Robertson S.r.l
- Trade name: Drumohr
- Industry: Fashion
- Founded: 1773; 253 years ago
- Founder: James Paterson
- Owner: Ciocca
- Website: drumohr.com

= Drumohr =

Italian knitwear brand

Drumohr is a luxury Italian fashion brand specialising in knitwear. It originated in Scotland in 1773.

== History ==
The company was founded by James Paterson in Dumfries, Scotland in 1773 as J.A. Robertson & Sons, a hosiery manufacturer producing stocking and gloves. In 1805 he moved to the farm of Nunland on the road to Castle Douglas.

In 1851, it exhibited a sample of hand framed hosiery at the London Great Exhibition.

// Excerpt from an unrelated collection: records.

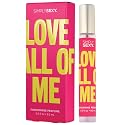SIMPLY SEXY Affirmations Love All of Me Pheromone Perfume - Fruity Gourmand Fragrance with Notes of Fresh Tropical, Mandarin and Tangerine - Body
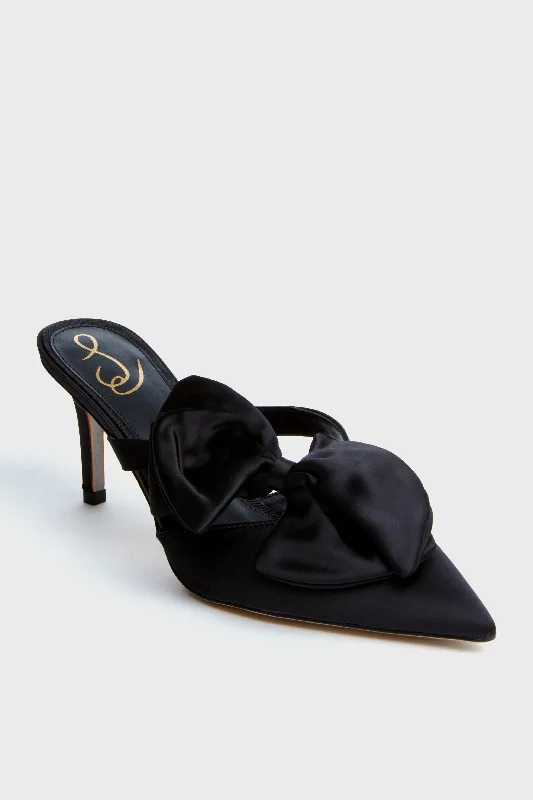 Classy Style Discounts Black Veranda Heels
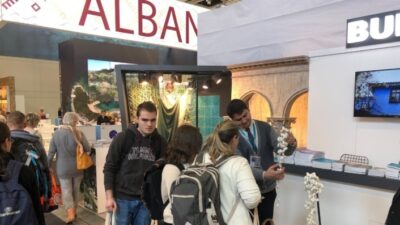 Dünyanın en büyük turizm fuarları arasında sayılan ‘Berlin Uluslararası Turizm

At the end of the 19th century, it opened a new factory in Dumfries to produce hosiery, gloves and socks, then also fully-fashioned wool and cashmere outerwear.

Stockings in jacquard colour patterns were sold to members of the Royal Family, including George V and Queen Mary. In 1927, the Prince of Wales (later Edward VIII) was photographed wearing a Drumohr sweater and socks on the golf course, giving further publicity to the brand.

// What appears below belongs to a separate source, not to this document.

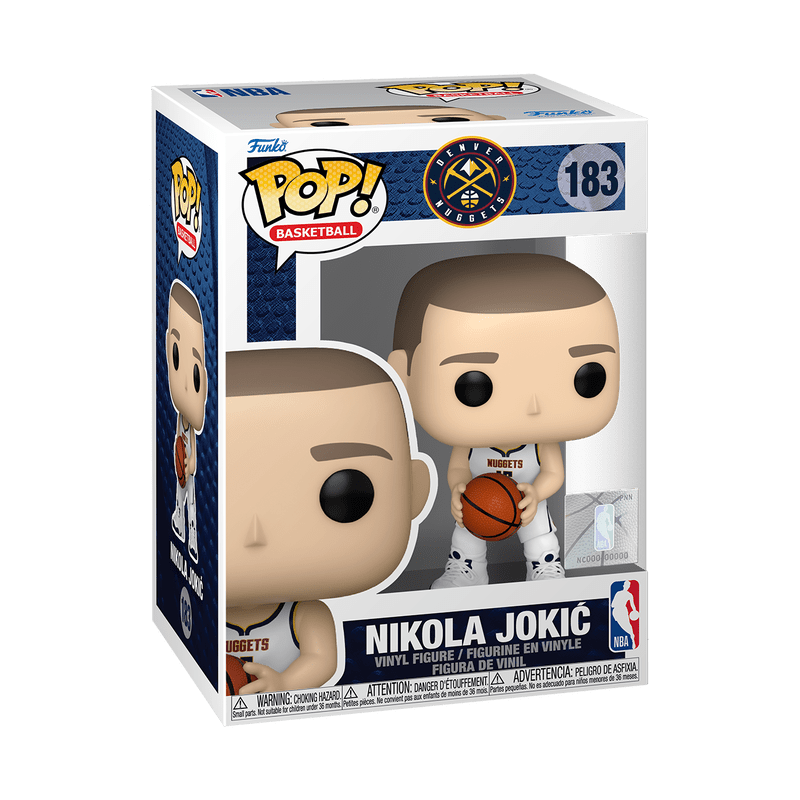 FUNKO POP NBA: NUGGETS - NIKOLA JOKIC 889698796767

During World War II, the factory was requisitioned and the Robertson brothers were required to teach the owners of rivals McGeorge and Pringle the methods of manufacturing Drumohr's knitwear.

Facing overseas competition and several changes of ownership, the Dumfries factory closed in 2003. In the 1990s, its Dumfries competitor McGeorge was similarly forced to close.

In 2006, the brand was bought by the Italian company Ciocca Group. Clothing has been produced in Italy under the name "Drumohr" since then.